Stored data
____

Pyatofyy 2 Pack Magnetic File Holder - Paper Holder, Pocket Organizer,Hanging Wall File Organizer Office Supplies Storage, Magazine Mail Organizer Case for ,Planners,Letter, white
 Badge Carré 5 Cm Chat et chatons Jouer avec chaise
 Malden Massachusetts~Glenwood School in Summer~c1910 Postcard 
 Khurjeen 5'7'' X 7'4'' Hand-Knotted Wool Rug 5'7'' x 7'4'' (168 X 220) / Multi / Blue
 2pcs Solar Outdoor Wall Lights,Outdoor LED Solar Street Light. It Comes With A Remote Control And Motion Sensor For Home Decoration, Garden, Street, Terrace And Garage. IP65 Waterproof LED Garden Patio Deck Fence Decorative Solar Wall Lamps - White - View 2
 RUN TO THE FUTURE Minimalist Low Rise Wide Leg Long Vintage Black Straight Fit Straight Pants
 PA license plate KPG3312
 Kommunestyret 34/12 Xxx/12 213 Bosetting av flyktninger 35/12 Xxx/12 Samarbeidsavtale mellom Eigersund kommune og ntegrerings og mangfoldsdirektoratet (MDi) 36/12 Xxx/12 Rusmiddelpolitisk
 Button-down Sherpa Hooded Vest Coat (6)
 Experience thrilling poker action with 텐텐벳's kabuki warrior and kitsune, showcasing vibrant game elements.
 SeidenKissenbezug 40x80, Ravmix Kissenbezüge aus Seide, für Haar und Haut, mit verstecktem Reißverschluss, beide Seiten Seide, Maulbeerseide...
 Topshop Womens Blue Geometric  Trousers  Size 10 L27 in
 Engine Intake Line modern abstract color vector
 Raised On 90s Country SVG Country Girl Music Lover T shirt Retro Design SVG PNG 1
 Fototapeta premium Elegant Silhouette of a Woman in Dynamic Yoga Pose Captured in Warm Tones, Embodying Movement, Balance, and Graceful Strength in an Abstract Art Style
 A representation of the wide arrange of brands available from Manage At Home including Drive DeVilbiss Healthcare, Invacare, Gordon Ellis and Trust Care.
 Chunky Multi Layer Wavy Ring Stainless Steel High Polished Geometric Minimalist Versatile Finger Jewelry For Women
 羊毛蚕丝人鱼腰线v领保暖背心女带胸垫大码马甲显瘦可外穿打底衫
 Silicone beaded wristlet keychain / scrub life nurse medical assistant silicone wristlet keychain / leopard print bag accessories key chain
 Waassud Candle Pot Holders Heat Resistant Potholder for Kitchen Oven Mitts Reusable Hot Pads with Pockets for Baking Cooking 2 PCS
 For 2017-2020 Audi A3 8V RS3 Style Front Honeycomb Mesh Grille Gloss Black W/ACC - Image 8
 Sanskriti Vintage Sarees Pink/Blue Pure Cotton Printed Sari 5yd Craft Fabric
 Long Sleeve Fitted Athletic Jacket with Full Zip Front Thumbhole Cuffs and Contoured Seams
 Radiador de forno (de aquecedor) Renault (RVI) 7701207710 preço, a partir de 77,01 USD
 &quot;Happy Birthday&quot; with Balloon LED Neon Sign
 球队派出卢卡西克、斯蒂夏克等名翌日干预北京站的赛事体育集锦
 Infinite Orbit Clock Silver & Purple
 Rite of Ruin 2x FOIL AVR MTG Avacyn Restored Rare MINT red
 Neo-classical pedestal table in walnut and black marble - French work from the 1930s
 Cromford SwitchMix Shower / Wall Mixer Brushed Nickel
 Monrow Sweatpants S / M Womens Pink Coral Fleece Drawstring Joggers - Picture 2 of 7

____

#### ABOUT THIS EXERCISE:
Of the entries listed above, reproduce only the lines starting at the line containing "Badge Carré 5" and ending at the line containing "Khurjeen 5'7'' X". Include both, exactly as they stand.

#### SOLUTION TO THE EXERCISE:
 Badge Carré 5 Cm Chat et chatons Jouer avec chaise
 Malden Massachusetts~Glenwood School in Summer~c1910 Postcard 
 Khurjeen 5'7'' X 7'4'' Hand-Knotted Wool Rug 5'7'' x 7'4'' (168 X 220) / Multi / Blue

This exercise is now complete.